Todos os dias, nos jornais ou nas televisões, os jornalistas têm de fazer escolhas. Sabem que têm o dever social de observar de forma tão crítica como responsável a realidade que retratam ou sobre a qual reflectem. E também sabem que devem ter em consideração os valores e as sensibilidades dos seus leitores. Por isso decidir que um filme com imagens muito violentas só deve ser exibido a horas em que a probabilidade de ser visto por crianças é pequena é um acto responsável, não uma decisão que decorra de qualquer condenável "autocensura". Da mesma forma o tipo de graças que são admissíveis numa publicação de grande difusão como é o Inimigo Público obedece à preocupação de fazer humor sem ofender de forma gratuita.
Naturalmente que quando se lida com convicções religiosas a linha do que é ou não publicável se torna muito mais fina e difícil de determinar. Exige mais sensibilidade, requer maior capacidade para resistir à tentação fácil do sensacionalismo voyeurista e à curiosidade alarve do público. Da mesma forma que o que se diz num serão entre amigos não se repete numa sala de aula perante os alunos, ou tal como sabemos que a liberdade criativa de um artista plástico - mesmo quando força a provocação - não tem o mesmo impacto se ficar confinada à sala de exposições ou se for reproduzida em cartazes espalhados pelas paredes de uma cidade, temos obrigação de ser cuidadosos quando lidamos com sentimentos e convicções de outros, os quais são tão legítimos como os nossos.
Neste quadro, e face ao debate em torno dos cartoons encomendados por um jornal dinamarquês, o PÚBLICO reproduz alguns deles, para que os leitores possam tomar conhecimento do que se está a discutir, mas não entende que tenha qualquer obrigação de repetir a "provocação" por "solidariedade". Sente, isso sim, que da mesma forma que não se podem aceitar quaisquer limites à liberdade de expressão, se deve cultivar a responsabilidade na utilização dessa liberdade.
Alguns exageros podem ser contraproducentes e levar a consequências exactamente contrárias às que se pretendiam. Por isso é que a vida numa sociedade livre e aberta implica que interiorizemos limites.
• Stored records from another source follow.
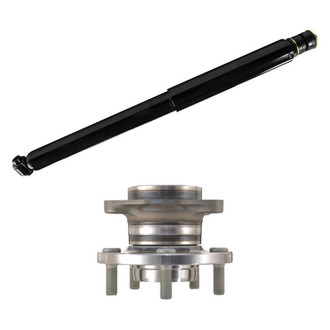 iD Select® - Rear Driver Side Shock Absorber and Wheel Hub Assembly Kit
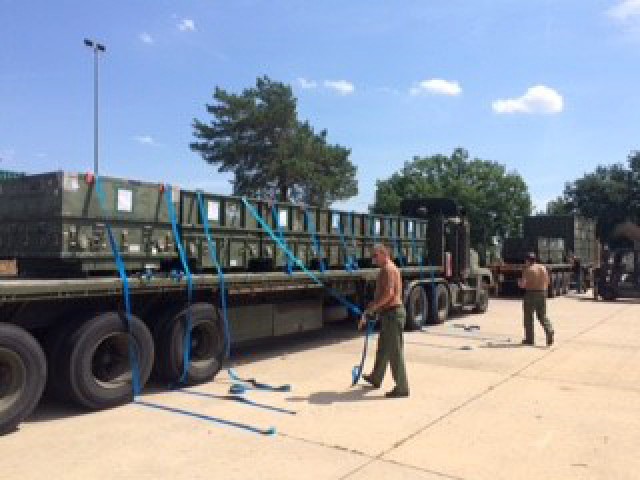 The road to providing movement control for Anakonda 16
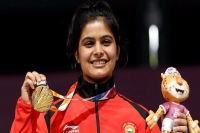 Indian shooter manu bhaker bags gold breaks junior world record in 10m air pistol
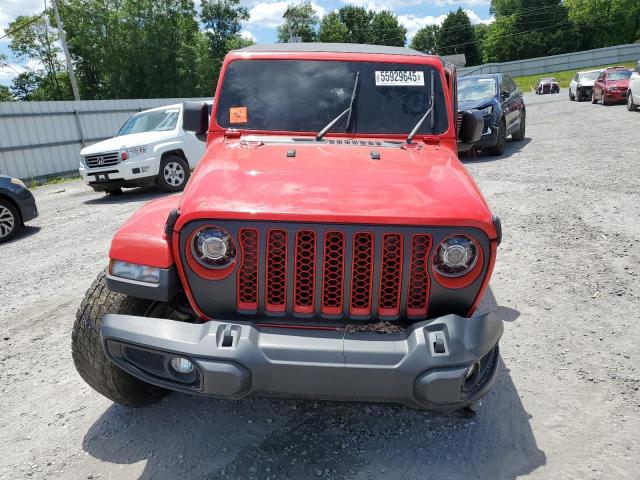  JEEP GLADIATOR 2022 Red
Não limites impostos pelo Estado, mas pela cultura, pela educação, pela civilidade. São eles que nos obrigam a agir não apenas de acordo com leis que são sempre imperfeitas e intrusivas, mas seguindo os mesmos critérios de bom senso e equilíbrio sem os quais não poderíamos nunca conciliar o nosso direito a termos convicções fortes com o direito dos outros a que não lhas imponhamos. É isso que dá corpo a uma tolerância que queremos substantiva e não baseada no relativismo e na ausência de valores.